Please see the nessus-adduser manual for the rules syntax

Enter the rules for this user, and enter a BLANK LINE once you are done :

(the user can have an empty rules set)

Login : paul

Password : ***********

This user will have 'admin' privileges within the Nessus server

Rules :

Is that ok ? (y/n) [y]

User added

Nessus then requires registration of the plugin feed:

[email protected]:~# /opt/nessus/bin/nessus-fetch --register XXXX-XXXX-XXXX-XXXX
Your activation code has been registered properly - thank you.
Now fetching the newest plugin set from plugins.nessus.org...
Your Nessus installation is now up-to-date.
If auto_update is set to 'yes' in nessusd.conf, Nessus will
update the plugins by itself.

Once the plugin feed has been successfully registered we can start the server with the following command:

[email protected]:~# /etc/init.d/nessusd start
Starting Nessus : .

From this point you can use the NessuClient just as you would on any other system. All of your changes, including subsequent plugin updates, will be preserved across reboots.

[UPDATE: Please note that Backtrack 4 is not an officially supported
platform. If you run into problems with the Backtrack 4 installation or
the USB setup please refer to http://forums.remote-exploit.org]

Conclusion

You now have a portable Linux distribution that you can take with you and boot on various computers to run Nessus.
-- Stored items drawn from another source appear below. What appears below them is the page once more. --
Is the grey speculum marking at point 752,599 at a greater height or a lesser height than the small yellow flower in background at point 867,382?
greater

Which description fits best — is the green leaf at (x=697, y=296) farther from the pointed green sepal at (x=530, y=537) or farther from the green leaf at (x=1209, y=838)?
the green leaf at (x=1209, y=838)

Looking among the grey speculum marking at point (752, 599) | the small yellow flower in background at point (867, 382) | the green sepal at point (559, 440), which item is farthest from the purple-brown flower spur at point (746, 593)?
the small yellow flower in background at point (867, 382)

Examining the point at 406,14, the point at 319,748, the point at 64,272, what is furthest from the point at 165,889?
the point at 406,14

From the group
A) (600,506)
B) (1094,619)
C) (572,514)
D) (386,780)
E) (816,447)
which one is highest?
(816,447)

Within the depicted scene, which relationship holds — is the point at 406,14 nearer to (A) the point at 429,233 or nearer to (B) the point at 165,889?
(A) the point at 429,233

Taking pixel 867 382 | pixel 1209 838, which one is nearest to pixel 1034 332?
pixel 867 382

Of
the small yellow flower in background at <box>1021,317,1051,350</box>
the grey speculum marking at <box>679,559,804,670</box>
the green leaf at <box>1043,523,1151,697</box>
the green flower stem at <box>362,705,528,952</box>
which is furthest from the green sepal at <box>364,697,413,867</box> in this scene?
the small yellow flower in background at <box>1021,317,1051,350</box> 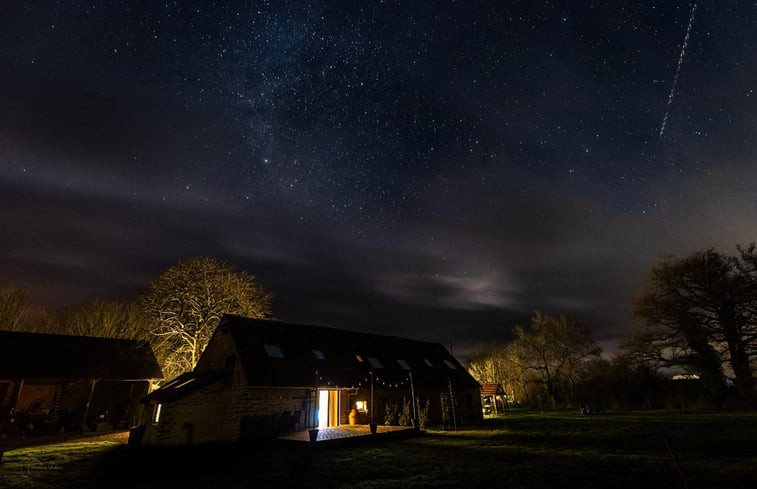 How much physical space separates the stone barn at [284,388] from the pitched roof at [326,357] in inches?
2.7

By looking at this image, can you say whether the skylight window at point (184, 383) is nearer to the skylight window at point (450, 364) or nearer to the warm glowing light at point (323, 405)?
the warm glowing light at point (323, 405)

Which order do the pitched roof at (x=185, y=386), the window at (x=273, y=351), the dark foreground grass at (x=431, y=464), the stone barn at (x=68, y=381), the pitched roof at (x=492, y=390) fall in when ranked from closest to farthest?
1. the dark foreground grass at (x=431, y=464)
2. the pitched roof at (x=185, y=386)
3. the window at (x=273, y=351)
4. the stone barn at (x=68, y=381)
5. the pitched roof at (x=492, y=390)

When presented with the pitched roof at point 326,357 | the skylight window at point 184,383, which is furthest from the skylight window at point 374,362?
the skylight window at point 184,383

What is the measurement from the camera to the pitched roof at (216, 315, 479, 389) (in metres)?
20.3

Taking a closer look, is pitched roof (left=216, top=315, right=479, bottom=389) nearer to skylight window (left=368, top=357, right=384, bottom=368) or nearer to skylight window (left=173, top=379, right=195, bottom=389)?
skylight window (left=368, top=357, right=384, bottom=368)

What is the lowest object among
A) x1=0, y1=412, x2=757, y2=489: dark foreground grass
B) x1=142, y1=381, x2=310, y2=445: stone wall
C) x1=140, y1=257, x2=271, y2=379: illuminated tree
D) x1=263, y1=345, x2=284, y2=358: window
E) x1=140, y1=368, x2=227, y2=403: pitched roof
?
x1=0, y1=412, x2=757, y2=489: dark foreground grass

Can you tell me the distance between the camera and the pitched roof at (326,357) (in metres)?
20.3

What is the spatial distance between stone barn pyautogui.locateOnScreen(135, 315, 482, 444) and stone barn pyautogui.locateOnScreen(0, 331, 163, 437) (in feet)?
21.1

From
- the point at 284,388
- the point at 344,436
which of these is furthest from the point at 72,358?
the point at 344,436

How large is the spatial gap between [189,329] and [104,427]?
7.82 metres

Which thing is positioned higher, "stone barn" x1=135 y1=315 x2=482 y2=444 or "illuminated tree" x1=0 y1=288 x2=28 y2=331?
"illuminated tree" x1=0 y1=288 x2=28 y2=331

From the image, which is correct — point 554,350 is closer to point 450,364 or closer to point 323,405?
point 450,364

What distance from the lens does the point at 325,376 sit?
2202cm

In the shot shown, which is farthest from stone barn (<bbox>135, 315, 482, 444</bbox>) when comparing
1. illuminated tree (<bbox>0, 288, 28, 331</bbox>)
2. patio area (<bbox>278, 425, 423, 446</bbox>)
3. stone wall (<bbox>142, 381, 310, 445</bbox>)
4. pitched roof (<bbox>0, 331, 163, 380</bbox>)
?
illuminated tree (<bbox>0, 288, 28, 331</bbox>) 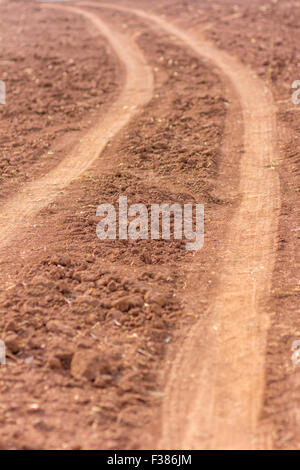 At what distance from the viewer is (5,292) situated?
5.91 meters

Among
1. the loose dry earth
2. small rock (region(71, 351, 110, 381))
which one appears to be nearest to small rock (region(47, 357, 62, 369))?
the loose dry earth

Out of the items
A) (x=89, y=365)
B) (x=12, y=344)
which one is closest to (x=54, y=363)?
(x=89, y=365)

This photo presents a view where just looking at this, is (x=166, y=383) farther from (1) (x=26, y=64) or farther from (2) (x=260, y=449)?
(1) (x=26, y=64)

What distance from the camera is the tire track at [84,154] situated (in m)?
7.82

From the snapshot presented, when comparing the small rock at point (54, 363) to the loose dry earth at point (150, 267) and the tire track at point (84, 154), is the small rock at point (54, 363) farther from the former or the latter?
the tire track at point (84, 154)

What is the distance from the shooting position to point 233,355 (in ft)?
16.7

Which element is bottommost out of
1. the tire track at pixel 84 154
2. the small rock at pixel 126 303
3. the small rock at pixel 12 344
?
the small rock at pixel 12 344

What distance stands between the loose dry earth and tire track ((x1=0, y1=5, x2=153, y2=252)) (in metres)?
0.05

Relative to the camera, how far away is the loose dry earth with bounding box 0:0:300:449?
4.48 meters

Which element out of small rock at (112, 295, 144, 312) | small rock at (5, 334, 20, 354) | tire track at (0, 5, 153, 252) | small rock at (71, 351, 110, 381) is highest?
tire track at (0, 5, 153, 252)

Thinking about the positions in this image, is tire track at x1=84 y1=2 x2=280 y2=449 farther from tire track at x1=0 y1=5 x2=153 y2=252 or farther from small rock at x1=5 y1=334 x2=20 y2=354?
A: tire track at x1=0 y1=5 x2=153 y2=252

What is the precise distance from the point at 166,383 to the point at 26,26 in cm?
2288

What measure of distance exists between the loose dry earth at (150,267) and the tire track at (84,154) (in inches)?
1.8

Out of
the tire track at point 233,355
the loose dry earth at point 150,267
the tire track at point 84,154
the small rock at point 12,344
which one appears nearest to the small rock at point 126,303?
the loose dry earth at point 150,267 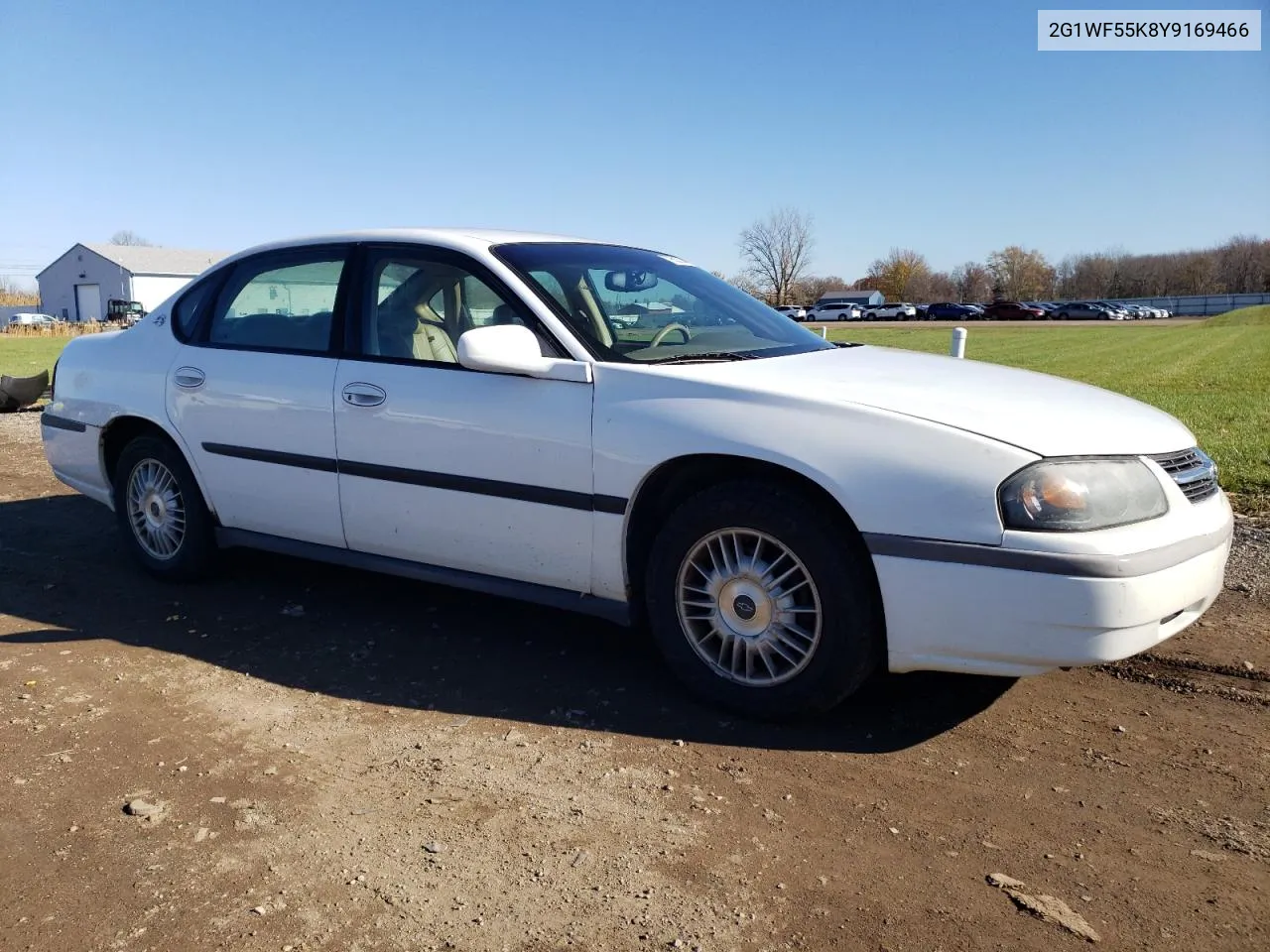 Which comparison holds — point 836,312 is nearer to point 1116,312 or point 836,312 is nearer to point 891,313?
point 891,313

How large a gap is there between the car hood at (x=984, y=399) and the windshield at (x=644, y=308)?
25 cm

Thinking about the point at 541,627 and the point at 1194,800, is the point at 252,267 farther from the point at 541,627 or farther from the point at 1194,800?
the point at 1194,800

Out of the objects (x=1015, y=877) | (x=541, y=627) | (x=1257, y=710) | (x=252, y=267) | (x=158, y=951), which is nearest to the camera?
(x=158, y=951)

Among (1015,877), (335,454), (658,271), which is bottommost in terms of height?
(1015,877)

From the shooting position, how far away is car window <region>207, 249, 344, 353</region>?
4.50m

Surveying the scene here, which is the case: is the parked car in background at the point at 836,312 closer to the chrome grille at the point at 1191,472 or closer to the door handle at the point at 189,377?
the door handle at the point at 189,377

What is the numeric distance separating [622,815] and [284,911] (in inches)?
36.4

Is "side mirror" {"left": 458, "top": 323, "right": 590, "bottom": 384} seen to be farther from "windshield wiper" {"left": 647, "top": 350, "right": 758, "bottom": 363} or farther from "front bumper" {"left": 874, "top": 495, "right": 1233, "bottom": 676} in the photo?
"front bumper" {"left": 874, "top": 495, "right": 1233, "bottom": 676}

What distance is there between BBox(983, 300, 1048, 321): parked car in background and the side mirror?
72.0 meters

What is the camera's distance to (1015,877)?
2.57 m

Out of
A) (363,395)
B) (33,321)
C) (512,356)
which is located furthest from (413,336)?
(33,321)

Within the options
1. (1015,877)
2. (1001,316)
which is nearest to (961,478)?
(1015,877)

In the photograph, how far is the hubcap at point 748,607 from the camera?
3.36m

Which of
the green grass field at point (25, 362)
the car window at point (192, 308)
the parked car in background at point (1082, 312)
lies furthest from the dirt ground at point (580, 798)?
the parked car in background at point (1082, 312) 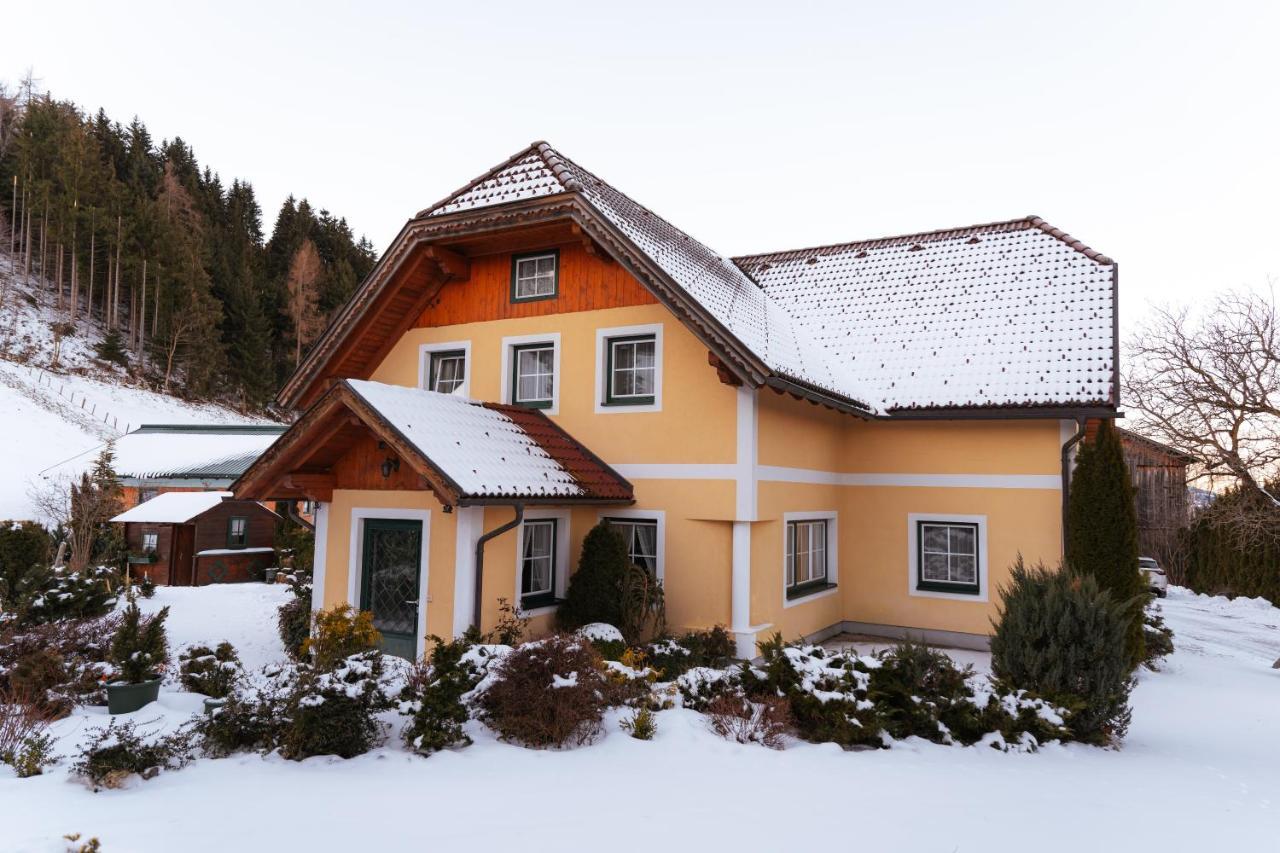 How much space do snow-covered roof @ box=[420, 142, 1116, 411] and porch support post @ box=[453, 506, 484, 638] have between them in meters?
4.06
This can come in handy, especially if you are investigating a possible security incident where you cannot trust the integrity of local system tools that may have been compromised. I also use this method if I am going to a security conference and want to perform Nessus scans so I don't have to expose my laptop operating system to a potentially hostile network. Putting it on a bootable distribution allows me to run it, then take the removable media back to my network and just strip the data off of it for analysis without having to even boot up the OS. While this installation works with all current Nessus software and feeds, ProfessionalFeed customers can take advantage of several features, including SCADA checks, configuration auditing for UNIX and Windows, PCI DSS auditing, sensitive data document searching and SQL database auditing.